Michael Faraday’s Laws of Electromagnetic Induction
Faraday’s Laws of Electromagnetic Induction were formulated by the British scientist Michael Faraday in the early 19th century. Faraday conducted groundbreaking experiments that laid the foundation for our understanding of electromagnetism and the relationship between electricity and magnetism.
The story of Faraday’s Laws began in the 1820s when Faraday began to study the work of earlier scientists, such as Hans Christian Oersted, who discovered that an electric current could create a magnetic field. Inspired by Oersted’s findings, Faraday sought to explore the reciprocal relationship—whether a magnetic field could induce an electric current.
In 1831, Faraday conducted a pivotal experiment known as the “magnetic induction experiment.” He used a coil of wire connected to a galvanometer (a device to detect electric currents) and moved a permanent magnet inside the coil. He observed that whenever there was relative motion between the magnet and the coil, a momentary current would flow through the wire. When he moved the magnet away or toward the coil, the galvanometer indicated that a current was induced, but the direction of the current depended on the direction of the motion (approaching or receding). From this experiment, Faraday formulated his first law of electromagnetic induction.

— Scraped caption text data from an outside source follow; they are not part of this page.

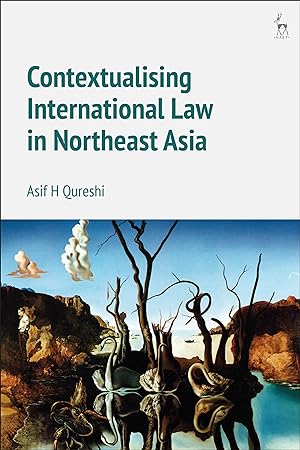Bild des Verkufers fr Qureshi, A: Contextualising International Law in Northeast A zum Verkauf von moluna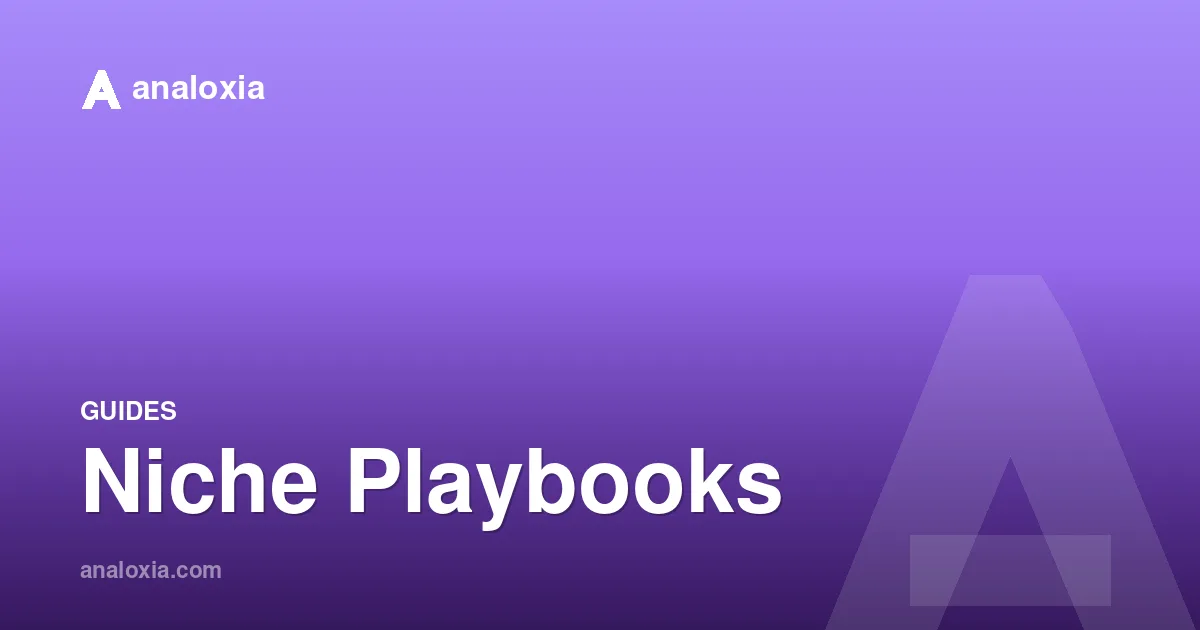 Niche Playbooks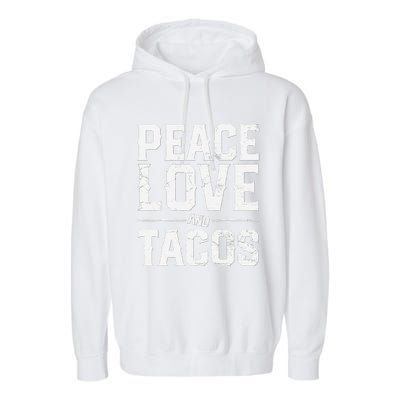 Cinco De Mayo Peace Love And Tacos Mexican Gift Garment-Dyed Fleece Hoodie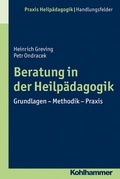 Cover: Beratung in der Heilp&auml;dagogik - Kohlhammer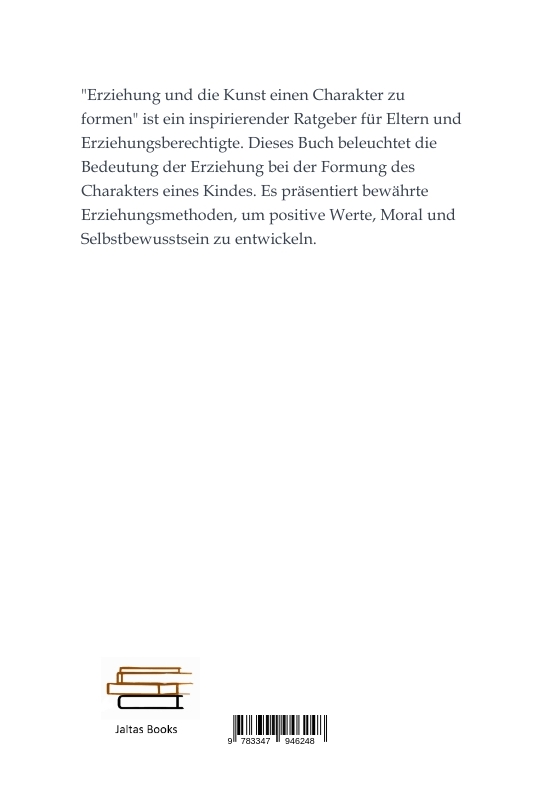 Rückseitencover Erziehung und die Kunst einen Charakter zu formen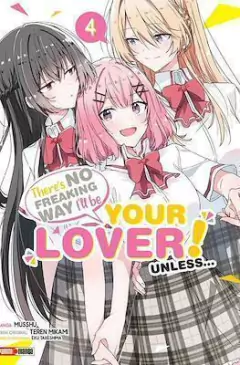 THERE'S NO FREAKING WAY I'LL BE YOUR LOVER! UNLESS... 04
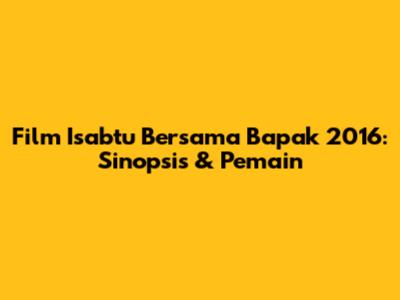 Film "Isabtu Bersama Bapak" 2016: Sinopsis & Pemain
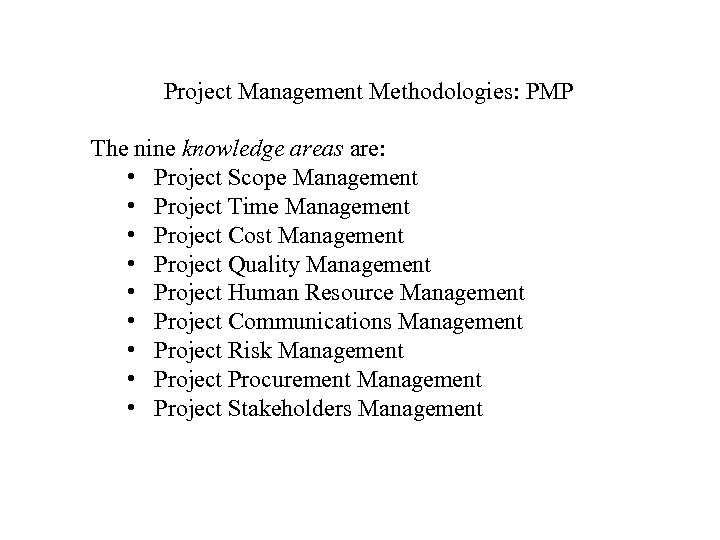 Project Management Methodologies: PMP The nine knowledge areas are: • Project Scope Management •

Faraday’s investigations didn’t stop there. In his subsequent experiments, he made another significant discovery. In 1831, he wrapped two separate coils of wire around an iron ring and connected one of the coils to a battery. When he passed a current through this coil, he noticed that it produced a magnetic field, which, in turn, induced a current in the other coil—despite the lack of direct electrical connection between them. Through this experiment, Faraday formulated his second law of electromagnetic induction.
What is called Electromagnetic Induction?
Electromagnetic induction refers to the interaction between a magnetic field and an electric circuit, resulting in the generation of an electromotive force (EMF).
Faraday’s First Law of Electromagnetic Induction
Whenever there is a change in the magnetic flux linking with a conductor or coil, it results in the induction of an electromotive force (EMF) in the conductor or coil. This phenomenon is known as induced EMF, and it leads to the circulation of current in the circuit, known as induced current if the circuit is closed.
Faraday’s Second Law of Electromagnetic Induction
The magnitude of the induced EMF depends on the rate of change of flux that is linked with the coil.